Retired U.S. Supreme Court Justice Sandra Day O’Connor was in Richmond Sunday, at a reception held by the Metro Richmond Women’s Bar Association.
The MRWBA is celebrating its 35th anniversary this year and the group was able to get O’Connor to appear as she was making a southern swing. The justice was in Charleston, S.C., at the end of last week and she appeared at William and Mary, where she serves as chancellor, on Saturday.
In Williamsburg, O’Connor spoke at the Supreme Court Preview, an annual gathering hosted by the W&M law school. Among the items noted in the report in Sunday’s Richmond Times-Dispatch: She thinks new Justice Sonia Sotomayor is settling into her position just fine, but “two women [on the high court] is not enough.” And she is a strong advocate for eliminating the popular election of judges, citing the power of money in those elections.
At the MRWBA reception held at The Jefferson, O’Connor, the first woman to sit on the U.S. Supreme Court, fittingly was introduced by the first woman to sit on the Supreme Court of Virginia, Justice Elizabeth Lacy.
But O’Connor set a ground rule for her MRWBA appearance: Her talk would be off the record, with no press coverage of her remarks. That’s a requirement I’ll respect, but allow me an observation.
In 1985, while seated at the same table at some D.C. banquet, Washington Redskins running back John Riggins famously (and drunkenly) told O’Connor “to loosen up, Sandy baby!”
Memo to Riggo: Head back to the banquet-room floor, John, you’ve got it all wrong. O’Connor was funny, feisty, down to earth and direct. Rather what you’d expect from a self-described “cowgirl from Arizona.”

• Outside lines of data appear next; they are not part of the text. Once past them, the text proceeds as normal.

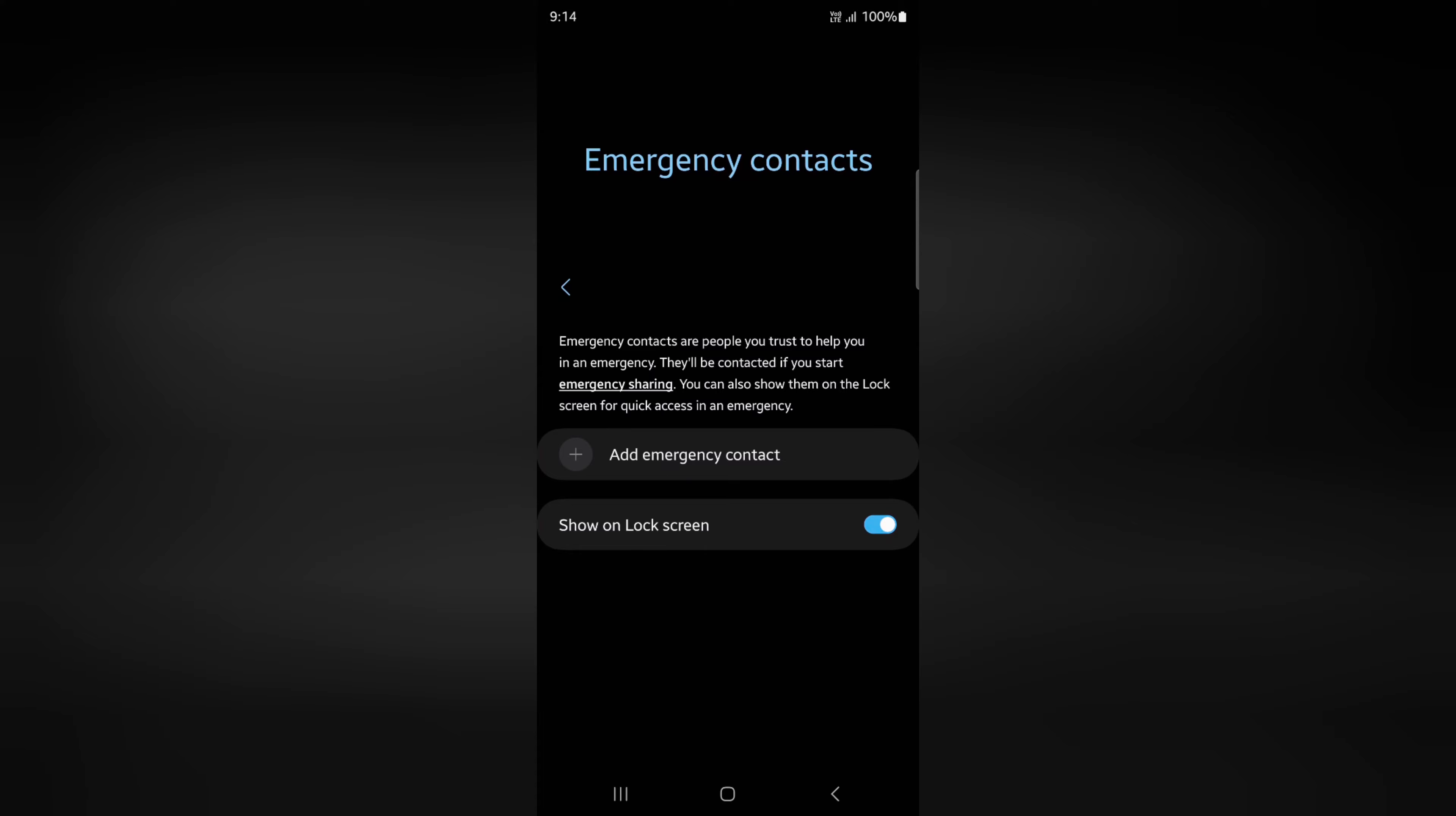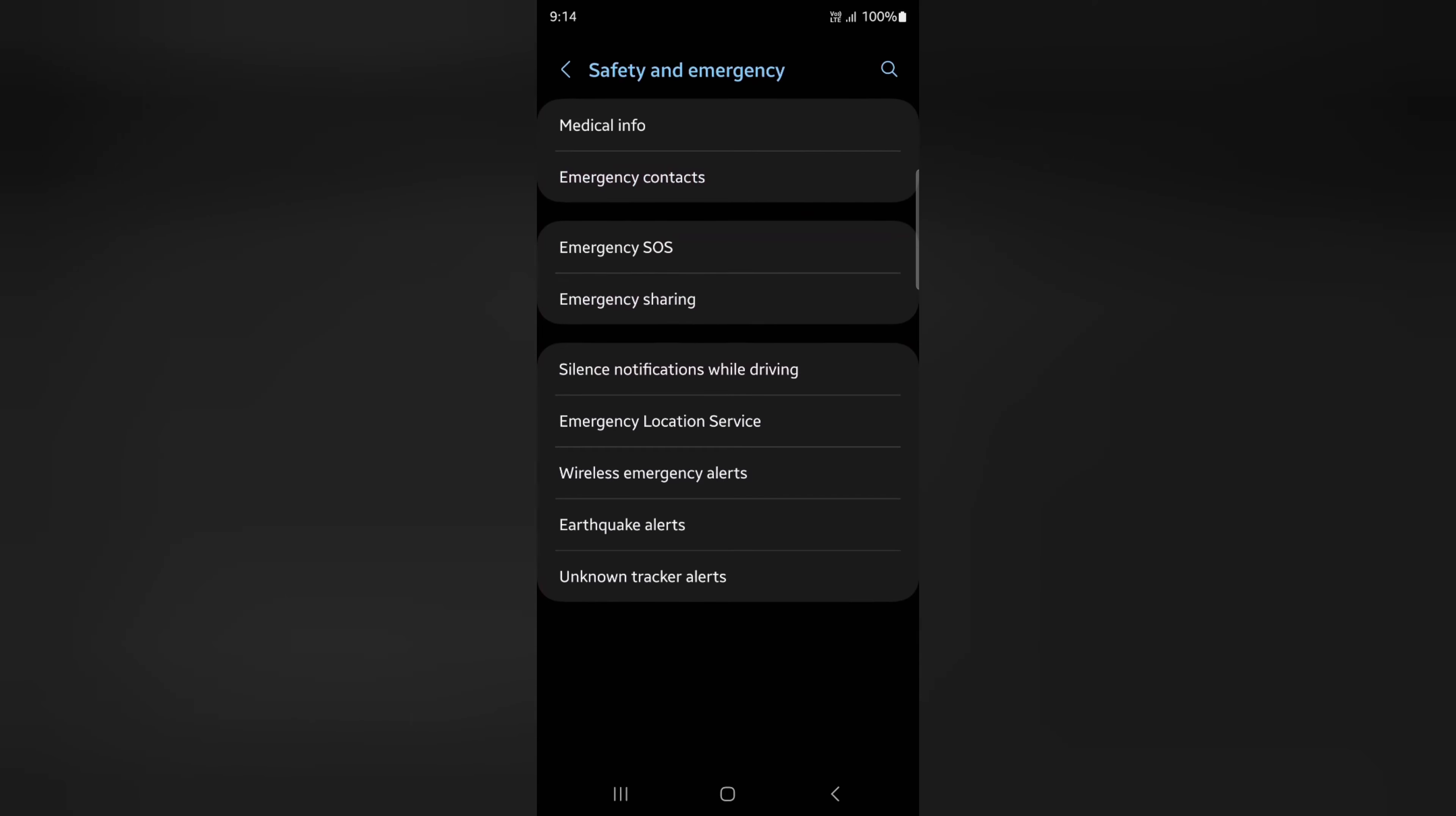Tap on add emergency contact and choose the emergency contact from the contact list. You can make sure to enable the show on lock screen option, so it will display your phone number on the lock screen.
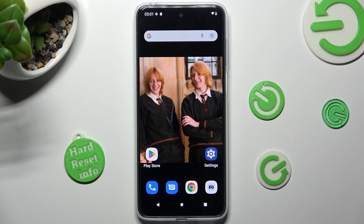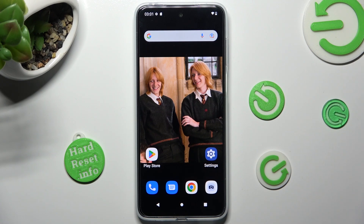Hi! In front of me is Motorola Moto G23 and today I would like to show you where you can locate all your downloads on this Motorola.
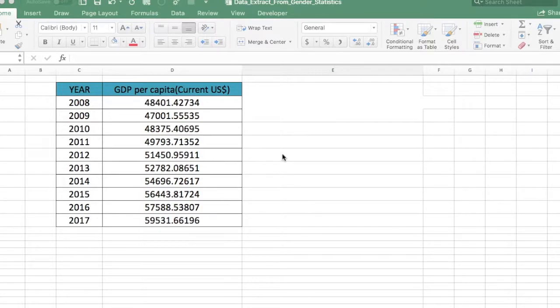The standard deviation is a measure of how widely values are dispersed from the average value, which is your mean.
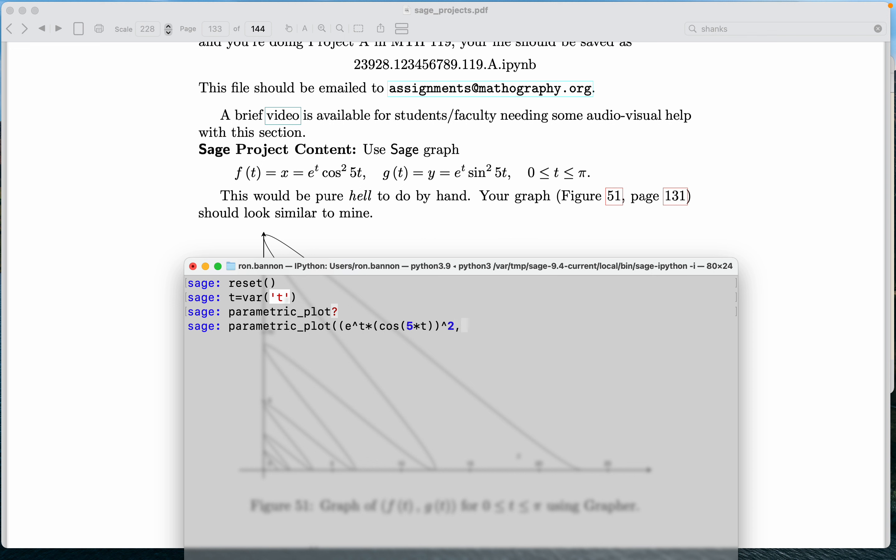Comma, the Y coordinate. Let's type this in: E to the T star parentheses sine parentheses five star T parentheses parentheses. I'm going to square it, and that's my X, Y pair.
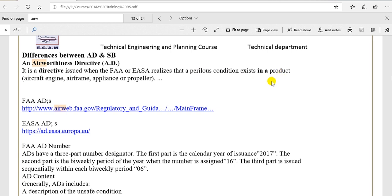Like the Boeing 737-800 MAX, there is a problem with the angle of attack.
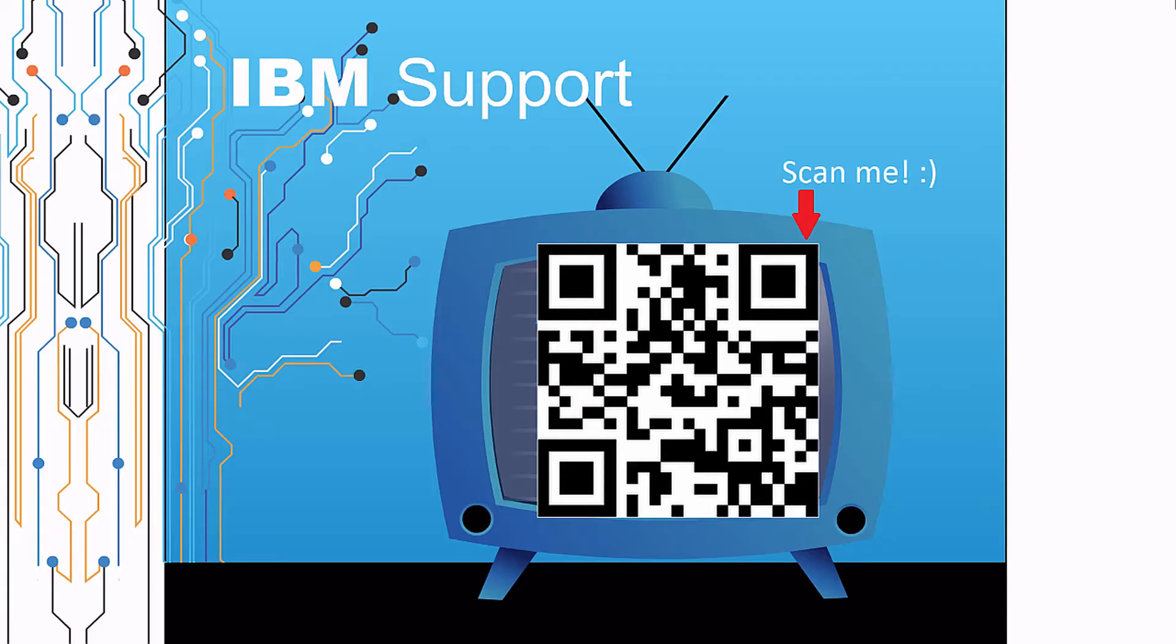Thanks for watching this episode of IBM Support TV. Please leave a comment with topics you would like to see in future episodes. Until then, stay tuned.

O’Connor’s name has cropped up on a number of the 4th Circuit decisions we’ve digested in the past few years, as she has been sitting from time to time on appellate panels since leaving the high court in 2006.
I don’t think the justice will mind if I bend her ground rule and mention one of her other activities in retirement (especially since there was a Washington Post article about the project yesterday).
Deeply concerned over the lack of civics education, O’Connor said she has been promoting a new Web site, www.ourcourts.org, that aims to teach middle-schoolers about government in a guerrilla fashion – by making education fun. The site has several games for kids. In one called “You’ve Got a Right!” you play a lawyer researching clients’ issues. In “Supreme Decision,” you’re a clerk helping a Supreme Court justice decide cases.
One hopes this project will have some impact on a country where only one in 70 people can identify one Supreme Court justice but where 80 percent can name one judge on “American Idol.” One hopes.